▸ **ACTIVITY**: Filter the data below for the string "Summer" and copy each matching line.

▸ **DATA FOR REVIEW**:
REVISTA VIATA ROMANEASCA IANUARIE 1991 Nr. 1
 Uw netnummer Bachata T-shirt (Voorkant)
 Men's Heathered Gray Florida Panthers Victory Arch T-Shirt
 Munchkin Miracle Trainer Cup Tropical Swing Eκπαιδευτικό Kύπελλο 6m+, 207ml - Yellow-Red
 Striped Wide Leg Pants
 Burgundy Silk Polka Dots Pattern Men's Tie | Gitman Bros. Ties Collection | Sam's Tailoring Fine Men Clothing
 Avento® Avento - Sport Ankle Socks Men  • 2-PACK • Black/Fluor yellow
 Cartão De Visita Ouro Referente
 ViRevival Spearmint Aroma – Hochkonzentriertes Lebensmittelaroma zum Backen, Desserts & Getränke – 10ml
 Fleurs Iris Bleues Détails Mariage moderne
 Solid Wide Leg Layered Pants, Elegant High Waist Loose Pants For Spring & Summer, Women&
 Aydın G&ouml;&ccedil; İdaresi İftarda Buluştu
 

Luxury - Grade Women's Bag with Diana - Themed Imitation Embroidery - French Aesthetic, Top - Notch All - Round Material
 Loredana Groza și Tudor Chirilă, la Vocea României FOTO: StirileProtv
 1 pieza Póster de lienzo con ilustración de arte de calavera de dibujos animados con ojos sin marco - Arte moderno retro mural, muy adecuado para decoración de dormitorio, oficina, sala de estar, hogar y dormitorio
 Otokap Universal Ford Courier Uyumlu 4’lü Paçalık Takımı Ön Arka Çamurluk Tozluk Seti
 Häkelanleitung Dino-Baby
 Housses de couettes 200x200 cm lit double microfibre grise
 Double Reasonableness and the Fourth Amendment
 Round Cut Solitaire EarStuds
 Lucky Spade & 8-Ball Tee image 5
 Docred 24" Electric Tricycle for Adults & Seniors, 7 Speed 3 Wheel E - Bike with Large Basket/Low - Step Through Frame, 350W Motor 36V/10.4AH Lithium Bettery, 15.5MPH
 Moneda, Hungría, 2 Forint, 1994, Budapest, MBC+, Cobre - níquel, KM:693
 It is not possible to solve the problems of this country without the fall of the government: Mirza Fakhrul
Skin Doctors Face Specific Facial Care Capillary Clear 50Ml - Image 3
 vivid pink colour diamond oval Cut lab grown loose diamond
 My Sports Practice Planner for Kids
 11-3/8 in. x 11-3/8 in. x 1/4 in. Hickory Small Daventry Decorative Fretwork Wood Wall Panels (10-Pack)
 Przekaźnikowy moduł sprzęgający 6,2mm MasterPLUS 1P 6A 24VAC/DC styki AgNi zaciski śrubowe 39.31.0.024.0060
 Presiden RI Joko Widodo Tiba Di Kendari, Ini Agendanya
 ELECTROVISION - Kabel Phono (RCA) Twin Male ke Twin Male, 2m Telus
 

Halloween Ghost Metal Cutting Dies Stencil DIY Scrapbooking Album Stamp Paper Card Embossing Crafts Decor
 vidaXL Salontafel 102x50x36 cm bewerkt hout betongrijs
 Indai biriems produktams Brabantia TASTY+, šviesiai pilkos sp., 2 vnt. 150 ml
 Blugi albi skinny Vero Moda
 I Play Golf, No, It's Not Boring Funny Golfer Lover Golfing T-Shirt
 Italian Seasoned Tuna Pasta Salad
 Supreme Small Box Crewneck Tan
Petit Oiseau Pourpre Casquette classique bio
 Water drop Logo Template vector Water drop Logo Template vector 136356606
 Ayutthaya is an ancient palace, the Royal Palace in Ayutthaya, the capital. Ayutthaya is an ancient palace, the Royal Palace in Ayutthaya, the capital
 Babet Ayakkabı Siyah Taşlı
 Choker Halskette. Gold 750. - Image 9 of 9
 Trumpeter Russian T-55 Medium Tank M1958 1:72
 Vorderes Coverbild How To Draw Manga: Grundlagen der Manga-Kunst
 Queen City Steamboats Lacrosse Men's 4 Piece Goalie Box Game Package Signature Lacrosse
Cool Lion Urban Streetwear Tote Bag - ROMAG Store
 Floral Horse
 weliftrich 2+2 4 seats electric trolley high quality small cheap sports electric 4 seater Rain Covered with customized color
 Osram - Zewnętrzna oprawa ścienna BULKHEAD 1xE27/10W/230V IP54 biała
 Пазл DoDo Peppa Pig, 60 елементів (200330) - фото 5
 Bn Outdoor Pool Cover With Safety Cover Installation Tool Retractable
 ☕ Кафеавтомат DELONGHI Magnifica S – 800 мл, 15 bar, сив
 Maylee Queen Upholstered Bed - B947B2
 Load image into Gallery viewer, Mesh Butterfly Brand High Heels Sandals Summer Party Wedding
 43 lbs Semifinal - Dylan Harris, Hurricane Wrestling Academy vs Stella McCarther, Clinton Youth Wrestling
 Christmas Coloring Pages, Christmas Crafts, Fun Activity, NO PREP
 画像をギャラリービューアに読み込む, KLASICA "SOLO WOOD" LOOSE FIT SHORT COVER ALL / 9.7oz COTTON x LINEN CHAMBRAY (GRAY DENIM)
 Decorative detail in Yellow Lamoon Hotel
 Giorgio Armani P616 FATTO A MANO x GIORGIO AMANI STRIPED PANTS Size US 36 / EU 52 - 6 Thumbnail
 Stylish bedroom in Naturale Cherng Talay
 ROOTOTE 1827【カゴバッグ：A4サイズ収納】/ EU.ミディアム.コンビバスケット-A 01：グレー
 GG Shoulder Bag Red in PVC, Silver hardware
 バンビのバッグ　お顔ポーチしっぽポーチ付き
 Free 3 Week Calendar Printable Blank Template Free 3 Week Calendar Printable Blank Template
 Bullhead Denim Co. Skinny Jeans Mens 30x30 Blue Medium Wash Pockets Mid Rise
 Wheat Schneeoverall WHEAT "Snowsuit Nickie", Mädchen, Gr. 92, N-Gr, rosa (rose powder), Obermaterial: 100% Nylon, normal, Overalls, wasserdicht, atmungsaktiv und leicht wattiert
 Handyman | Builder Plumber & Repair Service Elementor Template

▸ **SOLUTION TO THE PROBLEM**:
 Solid Wide Leg Layered Pants, Elegant High Waist Loose Pants For Spring & Summer, Women&
 Load image into Gallery viewer, Mesh Butterfly Brand High Heels Sandals Summer Party Wedding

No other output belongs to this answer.